Les législateurs européens, et par voie de conséquence belges, ont déjà tenté d’améliorer le sort des médecins assistants, en fixant en 2010 un maximum d’heures prestées par semaine. Mais le candidat spécialiste reste un ovni social, plus vraiment étudiant, pas complètement employé, pas non plus indépendant. Des témoignages d’abus sont alors fréquemment entendus. Les mandataires Ecolo-Groen veulent dès lors que la loi règle les difficultés. Et quelle meilleure initiative que de donner suite aux revendications des principaux concernés.

Pour mémoire, les associations des médecins spécialistes en formation flamands (Vaso) et francophones (AMSF) avaient sondé leur base en 2015, plus d’un tiers de l’effectif belge. Le résultat était sans appel: 67 % plaidaient en faveur de la séparation des pouvoirs.

Inspirées par le terrain, les députées Gerkens et Dedry recommandent donc d’adapter le modèle mis en place il y a quelques années pour les candidats généralistes, à savoir le Centre de coordination de la formation (CCFFMG). Elles proposent de créer deux structures centralisatrices, l’une francophone et l’autre flamande, financées notamment par l’Inami et les services de stage accueillant les candidats spécialistes.

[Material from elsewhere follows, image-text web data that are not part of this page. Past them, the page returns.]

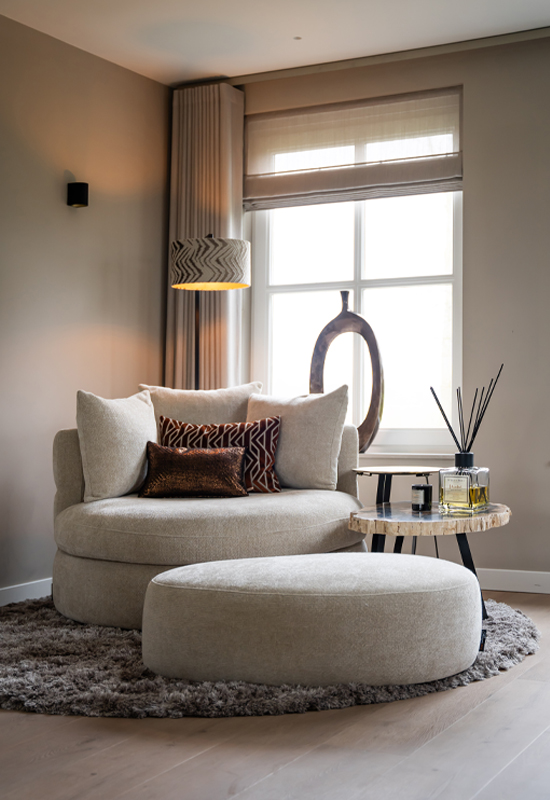 Fauteuil rond stof beige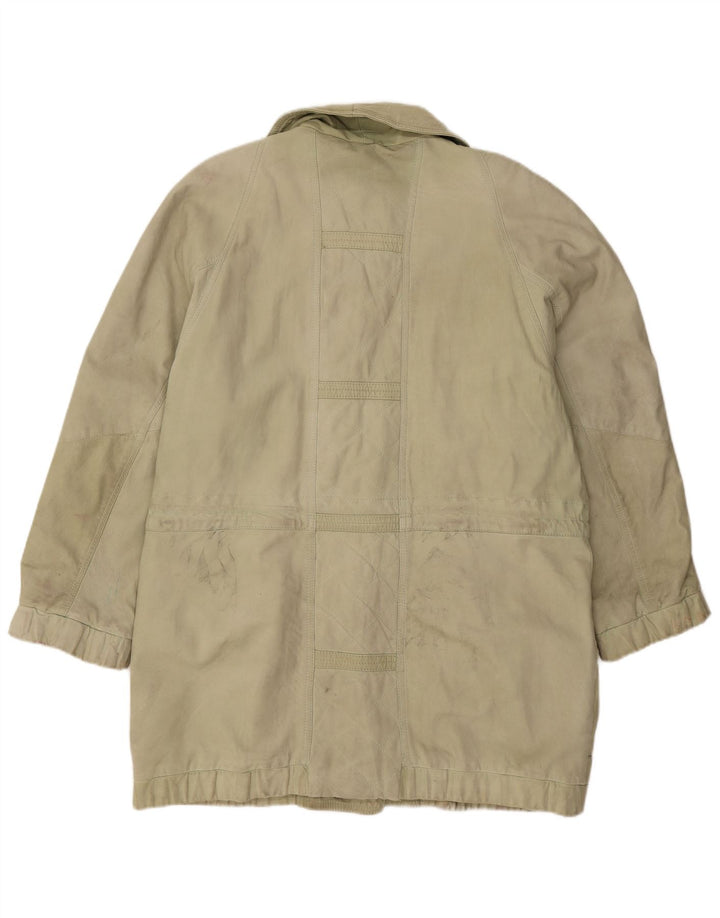 Винтажное женское кожаное пальто оверсайз EU 44 XL, зеленое кожаное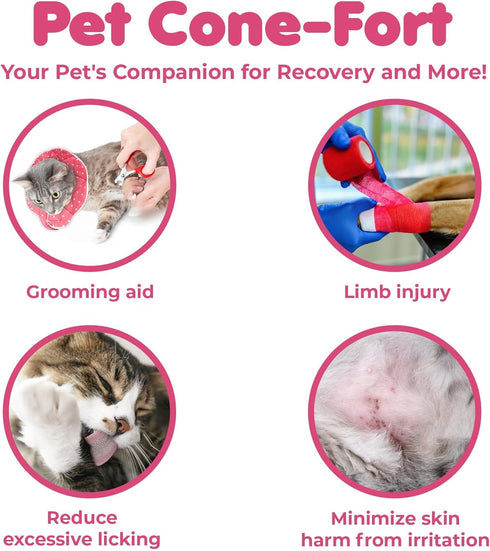 SunGrow Cat Cone Collar Soft, Elizabethan E Collar for Cats & Kittens After Surgery, Recovery Suit for Wound Cover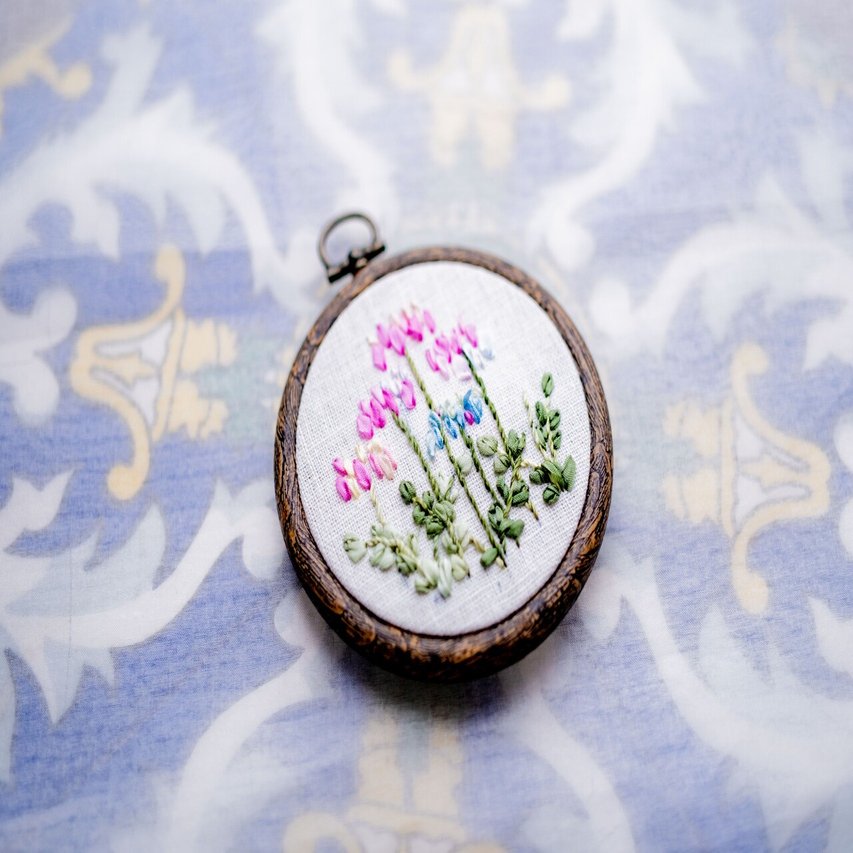 レンゲの花刺繍の作り方 Art Fiber Endo Note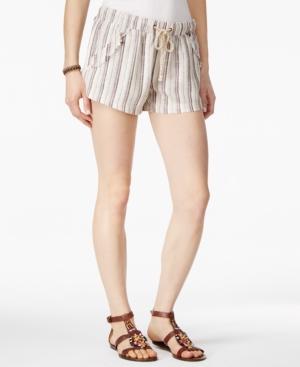 Rewash Juniors' Printed Drawstring-waist Shorts
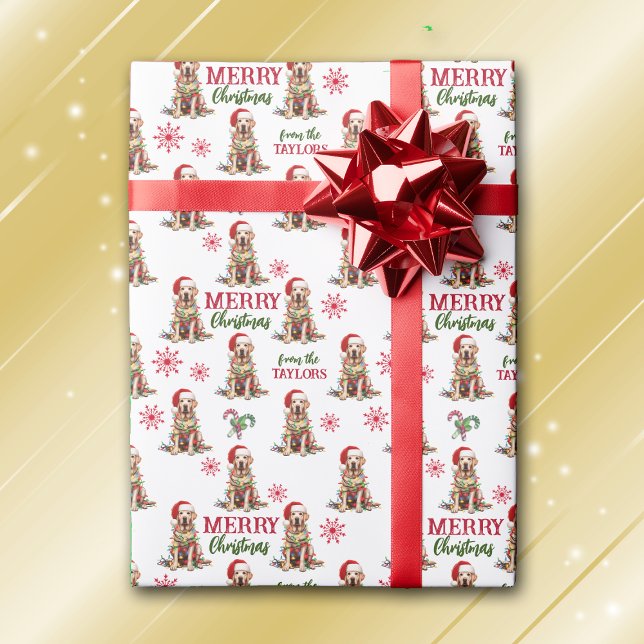 Labrador Retriever Wrapped in Lights Christmas Wrapping Paper (Creator Uploaded)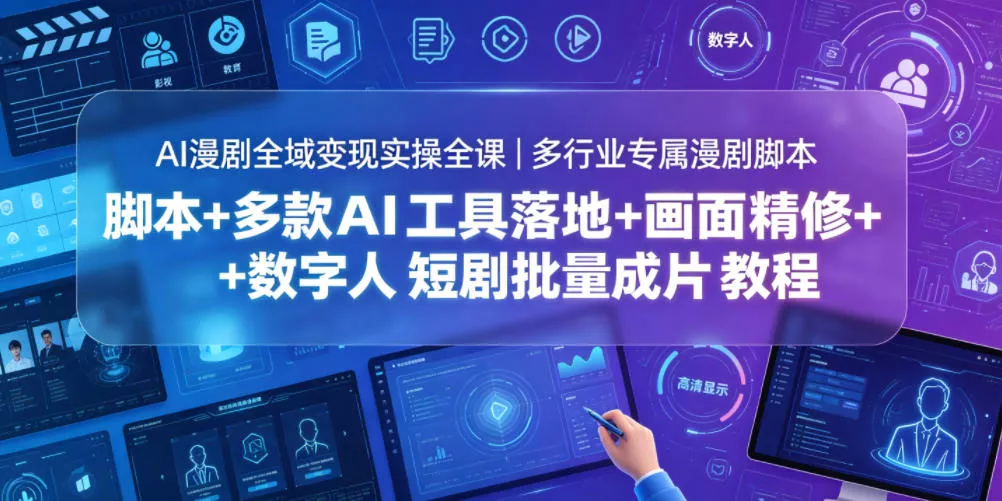 AI漫剧全域变现实操全课｜多行业专属漫剧脚本+多款AI工具落地+画面精修+数字人短剧批量成片全教程-易创网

« On ne doit pas inventer quelque chose de tout à fait nouveau mais prendre les mêmes mécanismes et les adapter. C’est un modèle accepté, tant en Flandre qu’en Wallonie. Ça ne doit donc pas être si difficile de se dire : si c’est bien pour les généralistes, pourquoi ne pas faire quelque chose de similaire pour les autres », souligne l’élue Groen.

Organisés sous forme d’ASBL, ces centres prendraient en charge toute la partie administrative, la répartition dans les lieux de stage ainsi que la vérification de la qualité de la formation et du respect des limites du temps de travail.

Plus grande couverture sociale

Pour garantir une gestion équitable, les hôpitaux, universitaires ou non, y seraient représentés, au même titre que les maîtres de stage et les assistants. « Le spécialiste en formation ne dépendra plus de la subjectivité d’une seule personne mais d’une institution externe », nous explique Muriel Gerkens.

Cela « simplifierait également les conventions de stage et augmenterait la mobilité entre différents lieux de stage en Belgique comme à l’étranger tout en luttant contre les différences de traitement, parfois sensibles, entre les institutions », notent les cosignataires de la proposition, visant au passage une harmonisation des rémunérations.

Au-delà de ces avancées, la proposition de loi instaure par ailleurs l’octroi d’une protection sociale en bonne et due forme, tant pour les candidats généralistes que spécialistes. Moyennant évidemment le relèvement des cotisations payées par ceux-ci et par l’employeur. « Ce passage du statut sui generis vers un statut complet d’employé signifie donc que les cotisations de l’employeur, devenu le Centre de coordination compétent, augmenteraient de 21,08 à 31,98 % et celles du candidat de 4,70 à 13,07% », détaille le texte légal. Et les auteures d’insister sur le fait que la majoration des cotisations ne doit pas conduire à une diminution de l’offre de stage proposée aux médecins en formation.